This anti-realist argument seems to me to be based on confusion and a systematic misunderstanding of the realist project. The realist argues that the world exists independently of any language or users thereof; do anti-realists about facts deny this? The realist also maintains that some uses of language are true about this world; do anti-realists about facts deny this? Then the realist asks: What do we need in order to explicate the fact that some declarative sentences are true about this language-independent world? The realist then attempts to give an answer by using, what else, language.
The anti-realist’s objection seems to be that since the realist must use language in order to state his theory of this relationship, he is “trapped” in the web of language and can never escape it. But this argument is confusing the use of language to talk about the world and the use of language to theorize about language and its relationship to the world. This confusion is at the bottom of the anti-realist objection. Once the confusion is exposed, the force of the anti-realist objection dissolves; at least so I claim.

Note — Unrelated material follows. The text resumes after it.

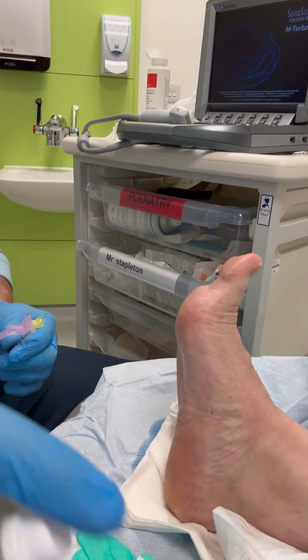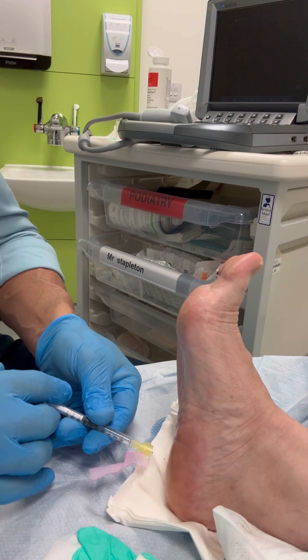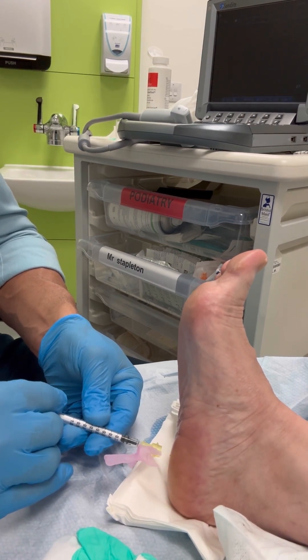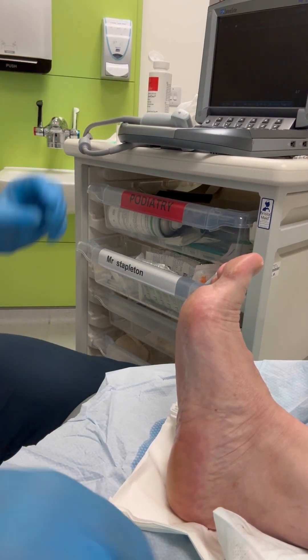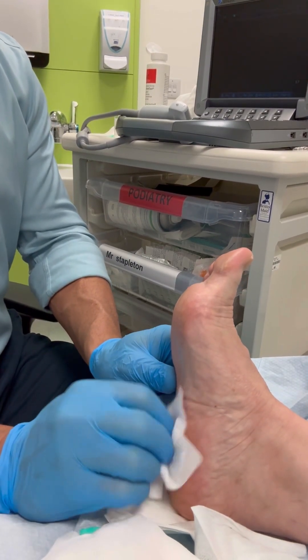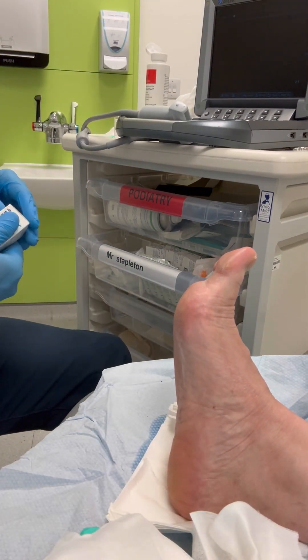Welcome back, I'm Liam Stapleton, consultant podiatrist and specialist in podiatric sports medicine, and we're going to take a look through another treatment video. Today's demonstration is of a plantar fascia injection of corticosteroids. I have a slightly unique technique when performing this injection — there are several techniques that can be used, and this is my favourite as it seems to be the most comfortable for most patients and gives me accurate injection with good results.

2) The Unperceivability Argument: “I see the table, and I see the wall. It may also be granted that I see that the desk is about two inches from the wall. But does it follow that I see a relational fact? Not obviously. If I see a relational fact, then presumably I see the relation two inches from. But I don't see this relation.”

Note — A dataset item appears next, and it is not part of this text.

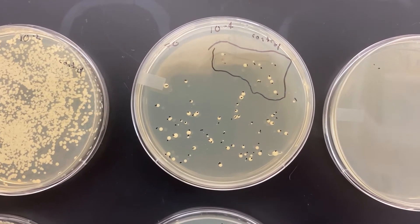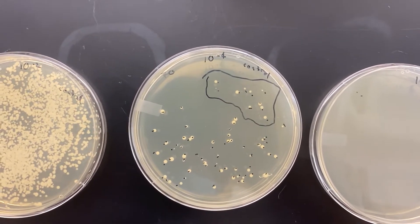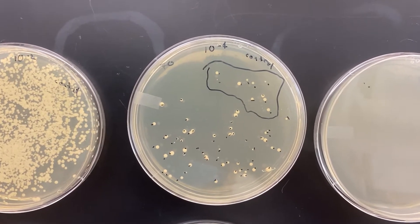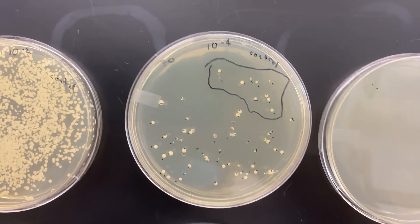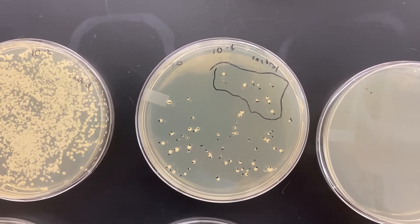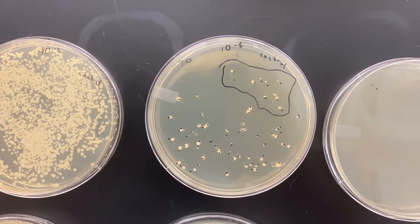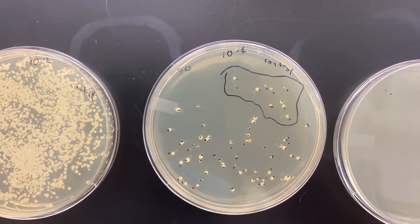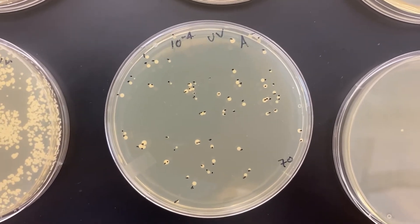Let's compare the number of colonies that I counted — I wrote them on here, and you probably also want to make a note in your notebook. This one I got 70 colonies growing; this is the control, so no UV treatment, 10 to the minus 4 dilution. I plated the same cells from the same solution onto these plates, so presumably I plated about the same number of cells. Let's see if that was the case: 70 here, 70 there — I swear I didn't make this up.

Merely because we do not, and perhaps even cannot, perceive certain kinds of entities it hardly follows that they do not exist. I won’t recite the obvious counter-examples to such outlandish claims. Instead let us focus on whether we do “see” relational facts or not. Consider this: I judge that Tom is heavier than John based on a casual observation of the two men. Suppose I have no clue as to the weight of each. I simply look at them and “see” that one is heavier (fatter, taller, shorter, etc.,) than the other. According to the anti-realist’s unperceivability-argument this is impossible, for I cannot see a relational fact. But surely my judgment is not based upon seeing first the weight of one, the other, and then comparing the two “seeings” in my mind. Why not? Because what is it that I am comparing according to this account? It cannot be some measure of the weight of each represented by some numerical value since ex-hypothesis I do not know any such value. Moreover, if I have to represent the weight of each in my mind independently from the other and then go through a process of comparison, then the question arises how do I perform this mental feat, if I cannot perform the same feat regarding my perception of the men themselves? If my judgment is not based upon perceiving that one is heavier than the other, then my judgment cannot be based upon a comparison of their mental representations through introspection either. For why should introspection achieve something that perception cannot already achieve?
3) The Unity Argument: “Another of the puzzles about facts concerns how a fact is related to its constituents. Obviously a fact is not identical to its constituents. This is because the constituents can exist without the fact existing. Nor can a fact be an entity in addition to its constituents, something over and above them, for the simple reason that it is composed of them. We can put this by saying that no fact is wholly distinct from its constituents. The fact is more than its constituents, but apart from them it is nothing. A third possibility is that a fact is the togetherness of its constituents, where this togetherness is grounded in a special unifying constituent. Thus the fact of a's being F consists of a, F-ness, and a nexus of exemplification. But this leads to Bradley’s regress.”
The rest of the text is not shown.